**ABOUT THIS TASK**.
Copy out word for word the line with "Living Area |" and the lines that follow it in the listing below, up to the final one.

**LISTED RECORDS**.
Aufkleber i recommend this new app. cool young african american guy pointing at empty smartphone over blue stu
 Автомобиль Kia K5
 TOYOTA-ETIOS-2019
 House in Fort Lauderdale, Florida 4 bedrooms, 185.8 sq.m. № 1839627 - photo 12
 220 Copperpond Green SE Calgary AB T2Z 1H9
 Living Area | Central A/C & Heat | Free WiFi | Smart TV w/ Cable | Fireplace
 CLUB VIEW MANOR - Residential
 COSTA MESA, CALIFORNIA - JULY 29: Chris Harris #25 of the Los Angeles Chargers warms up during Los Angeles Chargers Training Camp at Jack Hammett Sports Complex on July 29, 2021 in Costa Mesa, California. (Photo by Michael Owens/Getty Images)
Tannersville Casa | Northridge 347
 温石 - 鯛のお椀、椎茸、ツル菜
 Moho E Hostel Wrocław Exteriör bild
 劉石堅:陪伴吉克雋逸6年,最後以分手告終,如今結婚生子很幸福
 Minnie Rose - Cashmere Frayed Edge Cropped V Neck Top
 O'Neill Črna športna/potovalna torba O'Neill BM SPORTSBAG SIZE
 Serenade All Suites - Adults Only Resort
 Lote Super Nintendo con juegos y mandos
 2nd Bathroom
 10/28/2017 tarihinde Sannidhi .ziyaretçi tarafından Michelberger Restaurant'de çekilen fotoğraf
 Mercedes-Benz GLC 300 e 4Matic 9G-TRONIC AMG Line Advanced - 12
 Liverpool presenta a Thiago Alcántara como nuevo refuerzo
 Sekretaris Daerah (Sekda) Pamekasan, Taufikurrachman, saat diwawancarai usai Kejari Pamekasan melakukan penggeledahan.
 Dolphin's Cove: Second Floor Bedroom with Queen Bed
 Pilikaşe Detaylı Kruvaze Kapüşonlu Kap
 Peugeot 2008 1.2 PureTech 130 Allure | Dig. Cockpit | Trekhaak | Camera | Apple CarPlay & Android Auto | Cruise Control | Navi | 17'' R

**RESPONSE BELOW**.
 Living Area | Central A/C & Heat | Free WiFi | Smart TV w/ Cable | Fireplace
 CLUB VIEW MANOR - Residential
 COSTA MESA, CALIFORNIA - JULY 29: Chris Harris #25 of the Los Angeles Chargers warms up during Los Angeles Chargers Training Camp at Jack Hammett Sports Complex on July 29, 2021 in Costa Mesa, California. (Photo by Michael Owens/Getty Images)
Tannersville Casa | Northridge 347
 温石 - 鯛のお椀、椎茸、ツル菜
 Moho E Hostel Wrocław Exteriör bild
 劉石堅:陪伴吉克雋逸6年,最後以分手告終,如今結婚生子很幸福
 Minnie Rose - Cashmere Frayed Edge Cropped V Neck Top
 O'Neill Črna športna/potovalna torba O'Neill BM SPORTSBAG SIZE
 Serenade All Suites - Adults Only Resort
 Lote Super Nintendo con juegos y mandos
 2nd Bathroom
 10/28/2017 tarihinde Sannidhi .ziyaretçi tarafından Michelberger Restaurant'de çekilen fotoğraf
 Mercedes-Benz GLC 300 e 4Matic 9G-TRONIC AMG Line Advanced - 12
 Liverpool presenta a Thiago Alcántara como nuevo refuerzo
 Sekretaris Daerah (Sekda) Pamekasan, Taufikurrachman, saat diwawancarai usai Kejari Pamekasan melakukan penggeledahan.
 Dolphin's Cove: Second Floor Bedroom with Queen Bed
 Pilikaşe Detaylı Kruvaze Kapüşonlu Kap
 Peugeot 2008 1.2 PureTech 130 Allure | Dig. Cockpit | Trekhaak | Camera | Apple CarPlay & Android Auto | Cruise Control | Navi | 17'' R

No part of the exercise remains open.